Mathematical and Experimental Model of Neuronal Oscillator Based on Memristor-Based Nonlinearity

This article presents a mathematical and experimental model of a neuronal oscillator with memristor-based nonlinearity. The mathematical model describes the dynamics of an electronic circuit implementing the FitzHugh-Nagumo neuron model. A nonlinear component of this circuit is the Au/Zr/ZrO2(Y)/TiN/Ti memristive device. This device is fabricated on the oxidized silicon substrate using magnetron sputtering. The circuit with such nonlinearity is described by a three-dimensional ordinary differential equation system. The effect of the appearance of spontaneous self-oscillations is investigated.

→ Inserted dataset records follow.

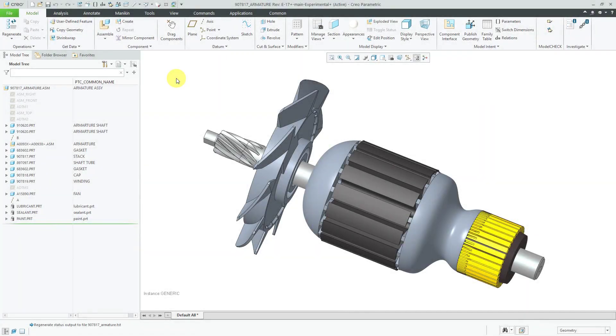In another video, I showed how to document a family table using a 2D repeat region. In this video, I'm going to show you an alternate technique for handling assembly family tables.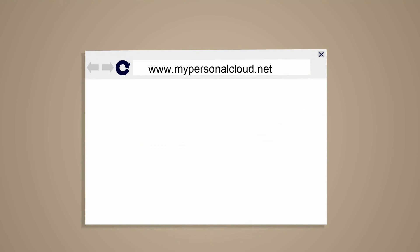For more information, go to MyPersonalCloud.net. You can also check our other products.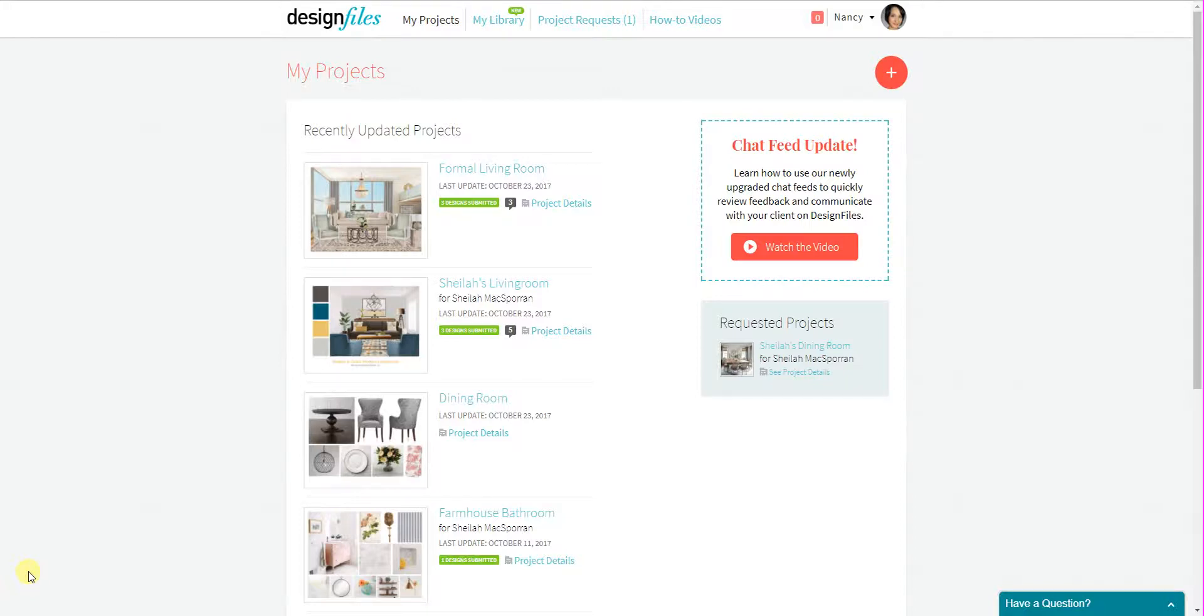Hey everyone, Sheila here from Design Files. Today's video tutorial is to showcase the new changes that we've made to your personal library.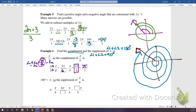In radians, 180 degrees equals π. To find the supplement, take π and subtract the given angle. Convert π to sixths: π times (6/6) = 6π/6, minus π/6 gives a supplementary angle of 5π/6.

A bifurcation scenario based on supercritical Andronov-Hopf bifurcation is found. The dependence of the critical point on the system parameters, particularly on the size of the electrode area, is analyzed. The self-oscillating and excitable modes are experimentally demonstrated.

Automated summary

This article introduces a mathematical and experimental model of a neuronal oscillator with memristor-based nonlinearity. The mathematical model describes the dynamics of an electronic circuit implementing the FitzHugh-Nagumo neuron model. The nonlinear component of the circuit is the Au/Zr/ZrO2(Y)/TiN/Ti memristive device. This device is fabricated on an oxidized silicon substrate using magnetron sputtering. The circuit with this nonlinearity is described by a three-dimensional ordinary differential equation system. The article explores the effect of spontaneous self-oscillations, identifies a bifurcation scenario based on supercritical Andronov-Hopf bifurcation, and analyzes the dependence of the critical point on system parameters, particularly the size of the electrode area. Experimental demonstrations of self-oscillating and excitable modes are provided.